Per quanto riguarda poi l’immagine della Russia nel mondo, l’intervento siriano (anche grazie al confronto con gli scarsi risultati ottenuti dagli Usa contro l’Isis in Iraq e nella stessa Siria) ha fatto dimenticare a molti l’annessione della Crimea e in molti Paesi Putin viene visto come un leader che fa “davvero” la guerra al terrorismo. Poco rileva che ci siano dati inoppugnabili che dimostrano come l’intervento russo abbia preso di mira prevalentemente gli “altri” ribelli, più che quelli dell’Isis o di Al Qaeda, e addirittura ci sono ora sospetti su un possibile aiuto che i servizi russi avrebbero fornito a jihadisti caucasici per raggiungere il Califfato in Siria.

La propaganda di Mosca ha messo a segno alcune vittorie evidenti. Già l’intervento del 2015 “contro l’Isis” è stato abilmente venduto, potendo fare leva sulle contraddizioni di Washington quando il Cremlino chiedeva agli Usa di fornirgli una lista di gruppi jihadisti che era lecito colpire. La stessa tregua di fine febbraio 2016 è stata vista come una abile mossa della Russia, che pochi giorni dopo annunciava il suo “ritiro” dalla Siria (in realtà alcuni aerei sono rientrati in madrepatria ma elicotteri, mezzi, corpi speciali e intelligence sono ancora sul terreno e in azione).

A Palmira, nello stesso teatro dove i terroristi in nero decapitavano le persone, l’orchestra di San Pietroburgo – dopo la liberazione – teneva un concerto di musica classica

Ma la vittoria, non priva di importanti risvolti militari, che è stata più enfatizzata è quella di Palmira. Qui il regime di Assad col determinante aiuto di Mosca ha sconfitto lo Stato Islamico, liberando un sito archeologico patrimonio Unesco dove gli uomini del Califfo avevano commesso atroci crimini contro l’umanità e contro l’arte. Nello stesso teatro dove i terroristi in nero decapitavano le persone, l’orchestra di San Pietroburgo – dopo la liberazione – teneva un concerto di musica classica.

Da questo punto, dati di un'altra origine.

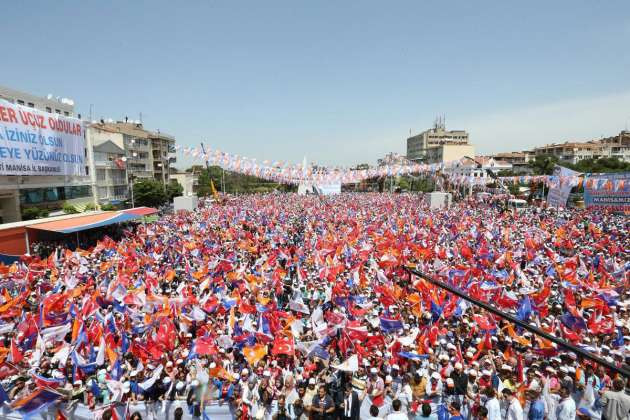 Ak Parti Manisa mitinginden kareler - Resim: 3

Quando gli Stati Uniti vengono dipinti come i veri creatori e finanziatori dello Stato Islamico, al centro di chissà quali congiure imperialiste, sono pochi complottisti male informati che ci credono. Ma l’opinione che ritiene la Russia più attiva nel contrastare il terrorismo islamico di quanto non siano gli Usa, fondandosi su alcuni elementi oggettivi, si va diffondendo. Mosca sa di mettere il dito sulla piaga quando chiede a Washington di fare raid congiunti contro Al Qaeda, o quando minaccia di «colpire i convogli di armi che dalla Turchia arrivano in Siria», esponendo le tensioni tra Washington e Ankara – alleati nella Nato – circa i rapporti di quest’ultima con alcune formazioni ribelli jihadiste. Di fronte all’aggressività verbale del Cremlino, che si fonda su parole semplici, le giustificazioni complesse della Casa Bianca sono poco efficaci, e gli Usa vengono percepiti da sempre più persone come un pugile suonato che non è più in grado di rispondere ai colpi.